» ASSIGNED TASK: A faithful copy is required. Print each line of the data exactly and omit the pictures.

» GIVEN INFORMATION:
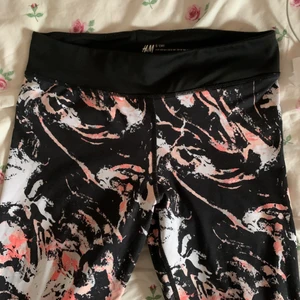 H&M träningsleggings S - Coola träningsleggings. H&M. Strl. 36/S.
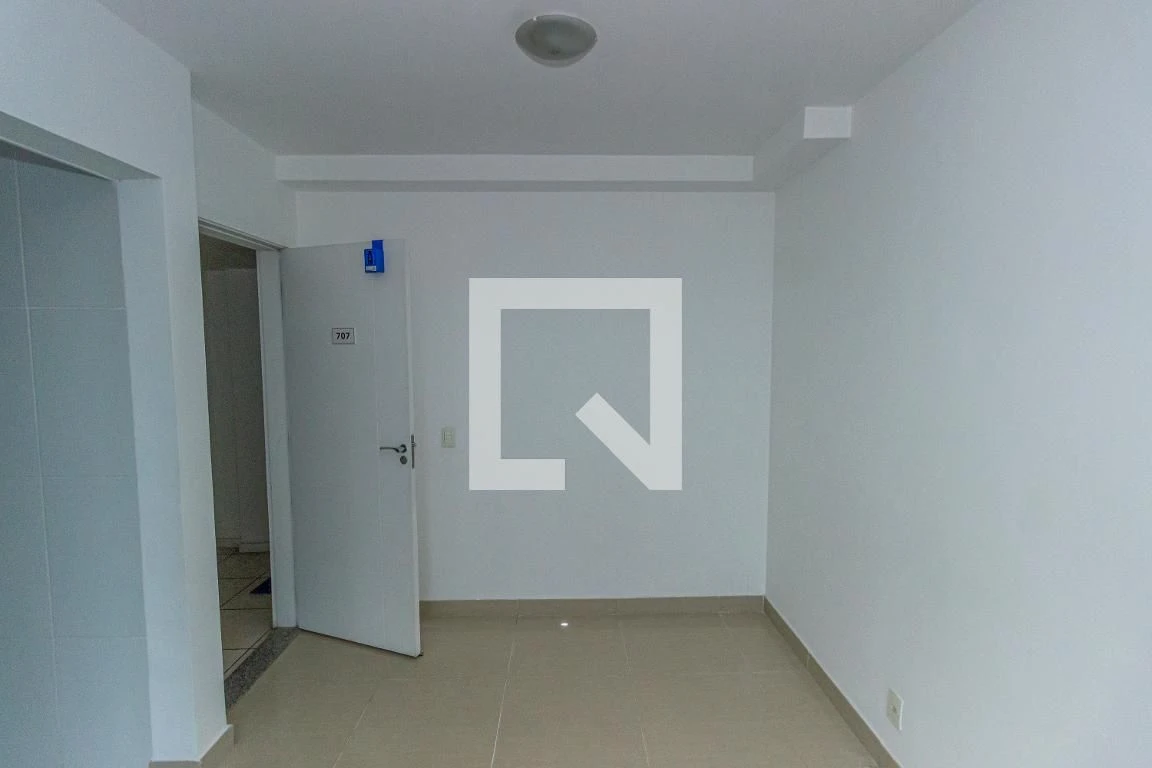 Furnished 2-bedroom apartment with 1 bath and parking — photo 67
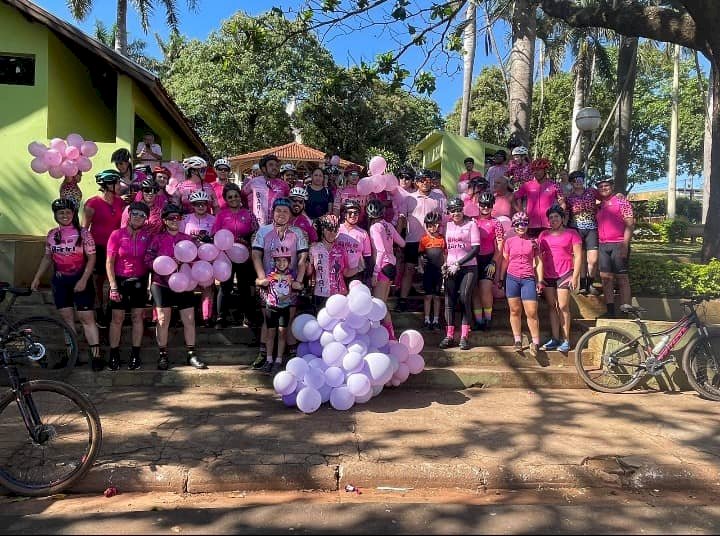 Grupo Bike Bariri realiza Pedal Outubro Rosa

» EXPECTED ANSWER:
 H&M träningsleggings S - Coola träningsleggings. H&M. Strl. 36/S.
 Furnished 2-bedroom apartment with 1 bath and parking — photo 67
 Grupo Bike Bariri realiza Pedal Outubro Rosa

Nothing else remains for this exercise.